GUWAHATI: A day after Assam BJP MP Ram Prasad Sharma criticised the state's tourism infrastructure in a sarcastic Facebook post, the state party unit has petitioned its central leadership against the dissident politician.

Ranjit Das, the BJP state unit president, on Saturday, said the party had lodged a complaint with the central leadership against the lawyer-turned-Tezpur MP.  "As we don't have any authority to take action against him (Sharma), we have apprised our central leadership of his actions and utterances," Das told reporters.

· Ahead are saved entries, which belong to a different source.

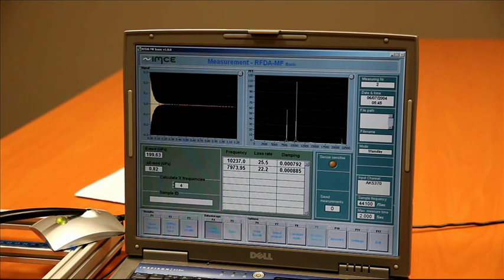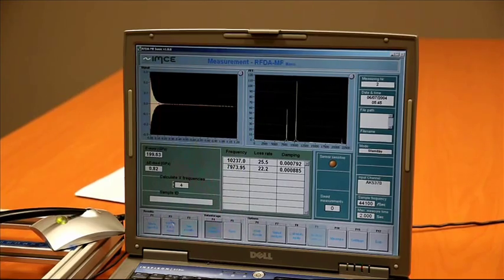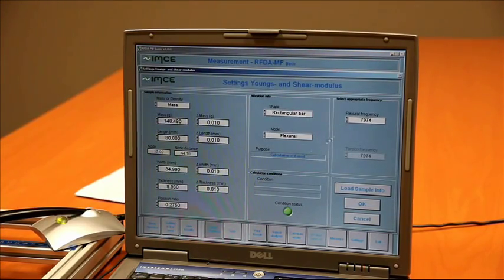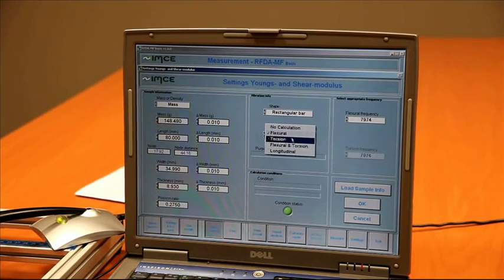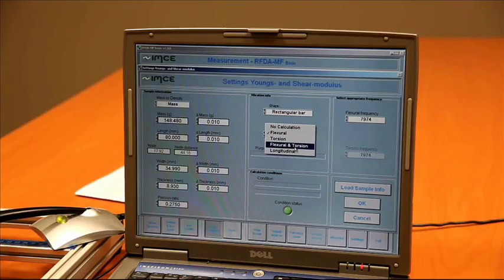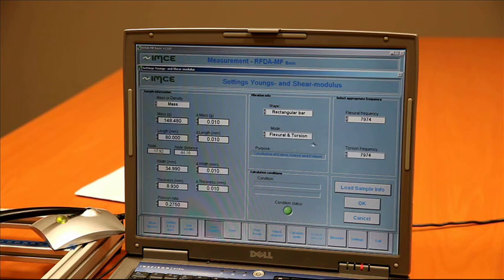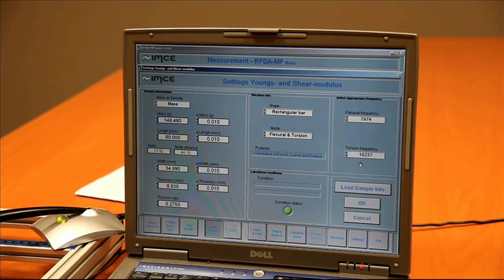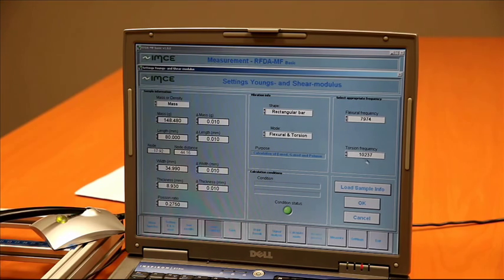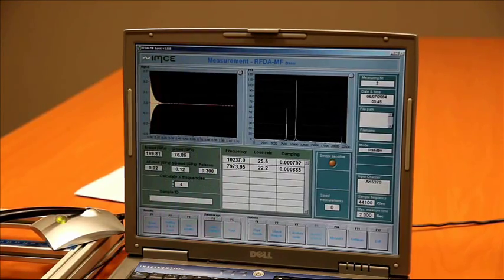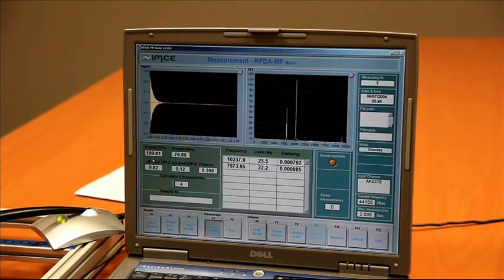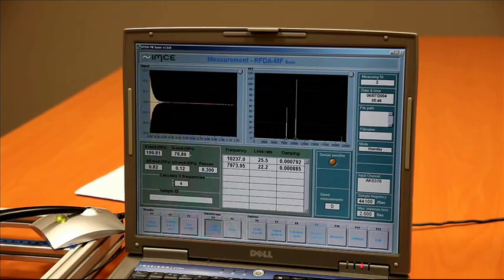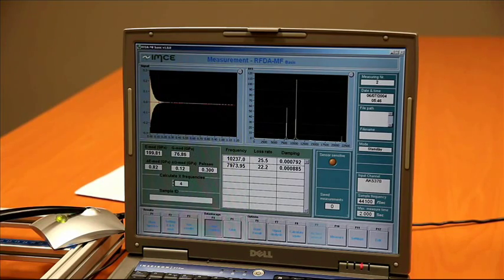Now, to calculate the shear modulus and Poisson ratio, we have to say that we measure flexural and torsion. We select the correct torsion frequency, and the software calculates the Young's modulus, shear modulus and Poisson ratio.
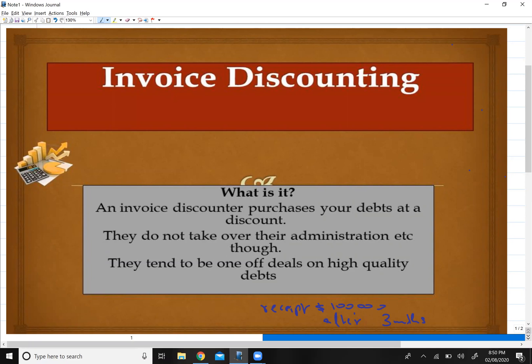Hello guys, in today's video I will be discussing invoice discounting. Firstly, I will discuss what is invoice discounting, and secondly, I will discuss the difference between factoring and invoice discounting, because I have often seen that students get confused between the two. Both of them are two different things. So first of all, let us discuss what is invoice discounting.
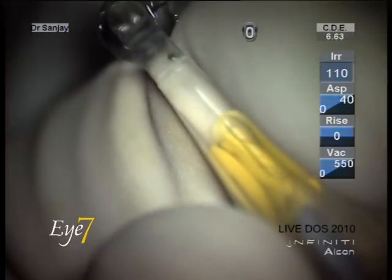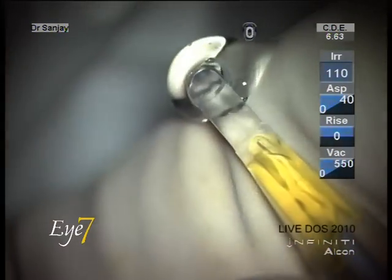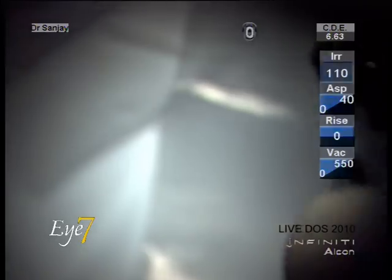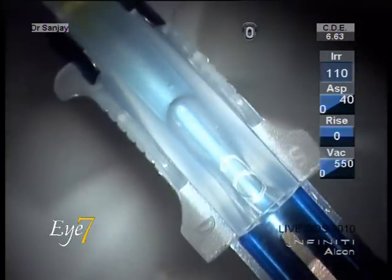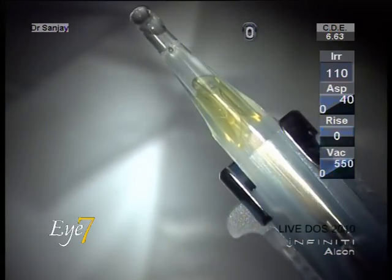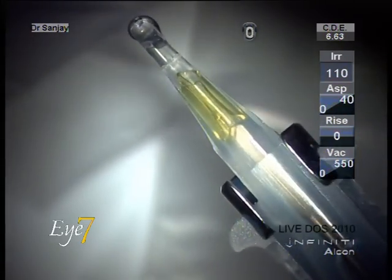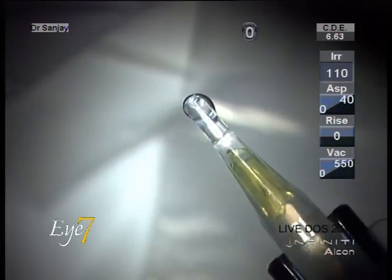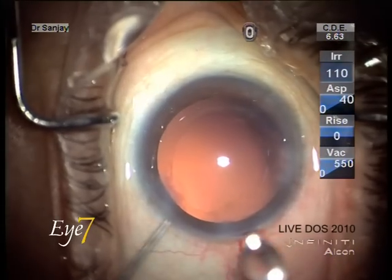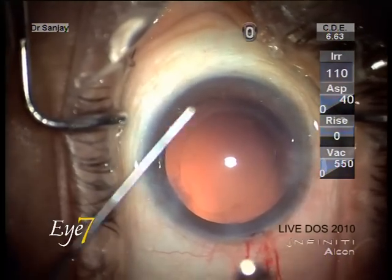The lens is loaded into the cartridge and the pusher moves it towards the tip of the cartridge. The cartridge is then loaded onto the injector and the plunger engages the intraocular lens, stabilizing it towards the tip of the cartridge — the nozzle.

Sharma was not available for comment. Calls made to him went unanswered. Text messages were also not replied to.
  
The BJP, which had wrested power in Assam from the Congress last year by promising to rid the state of corruption, was rattled recently following the quirky Sharma's allegation in a sting video on a local news channel that most ministers in the state were in the habit of demanding and accepting ten per cent "commission" from contractors for every work awarded.
  
As the charge triggered a storm making the Opposition, particularly Congress, to go hammer and tongs at the BJP, the ruling party had advised Sharma at a meeting to not needlessly open his mouth. But he is, apparently, in no mood to stop the talking.
  
On Friday, he had criticised the state's tourism policy, unveiled on Thursday. The MP insisted that the government should first build tourism infrastructure in the state before attempting to woo foreign tourists.
  
He wrote on Facebook, "Imagine a situation: A chief minister stays overnight in a government guest house in Kaziranga, next morning (he) goes to the washroom for a bath and after smearing soap all over his body finds (sic) there is no water in the tap, (he) calls his PA over cell phone and waits for ten minutes before the water flows to his washroom. If such is the condition of our government guest house, who would come to Assam?"